This is not simply about new normative provisions regarding housing and real estate financing. What state-led financialization achieved was the replacement of a financing model based on extensive state participation with a "market-oriented" financing model that aimed to elevate the market to a central position in the system.

In the case of the real estate sector, building institutions for the market meant reorienting existing institutions and establishing new arrangements that allowed the private sector to take a leading role. From the perspective of the World Bank, the construction of new financial arrangements for the system should begin with a new source of funding. The process of globalization, which connected financial markets in real time, would be the driving force behind the real estate sector.

In this context, various financial instruments were developed, notably those aimed at raising funds for the real estate sector. However, in emerging countries, a series of institutional barriers hindered the introduction of these new financial arrangements, including the securitization process. For instance, there was a lack of stable regulatory frameworks capable of offering minimum guarantees to private investors and little attractiveness of traditional securities for primary fundraising. Additionally, the mortgage market has always been very limited in these countries, with little risk segmentation and little attractiveness compared to safer and much more profitable investments, such as government debt securities and so-called fixed-income funds. It was essential for the state to structure the markets, create investment rules, stimulate the demand of public and private agents, and, above all, implement an institutional environment capable of instilling confidence in investors.

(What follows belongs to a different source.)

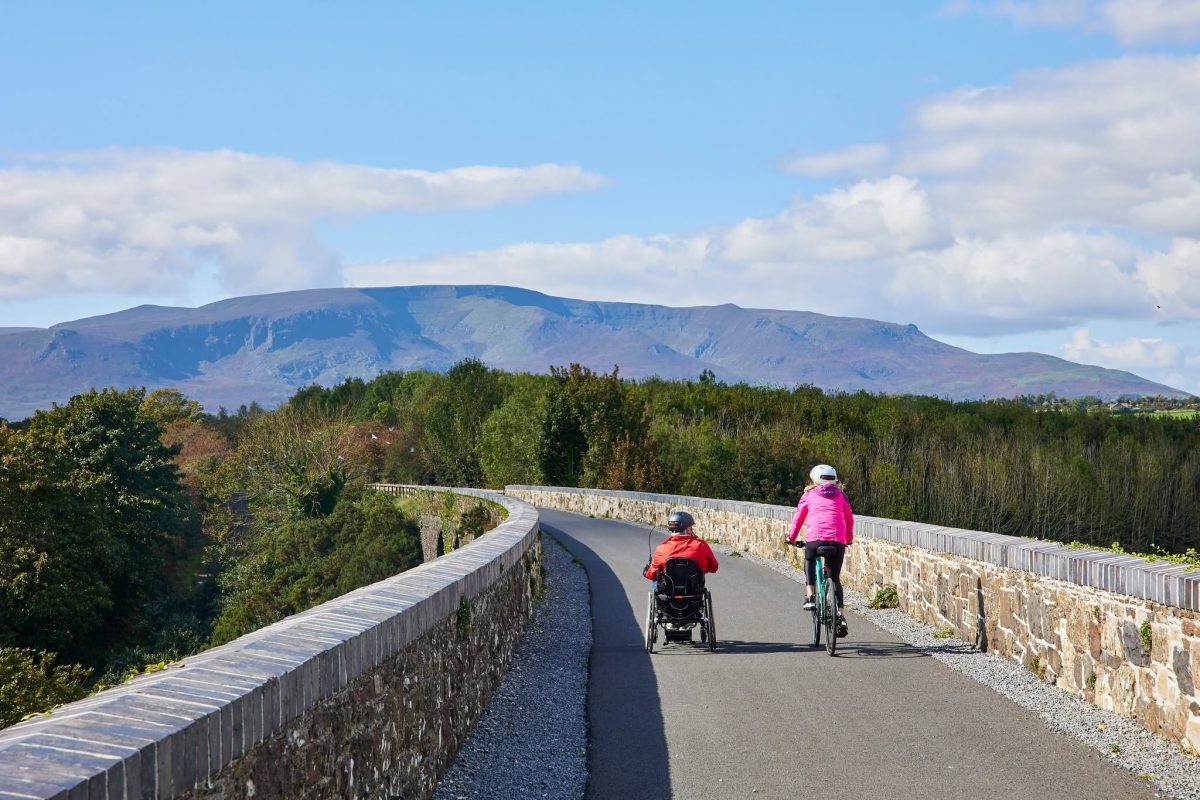 Cyclists travelling along the Waterford Greenway, the scenic 46km walking and cycling route between Waterford City and Dungarvan.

From this perspective, what can be understood as state-led financialization sought to ensure conditions for the emergence of primary and secondary mortgage markets that included housing financing in the process of financial market liberalization. State intervention in this context facilitated the provision of guarantees for bonds issued by private agents, promoted liquidity through government purchases, and provided incentives for the issuance of real estate-based or property-backed securities (especially through tax breaks, impacting public budgets).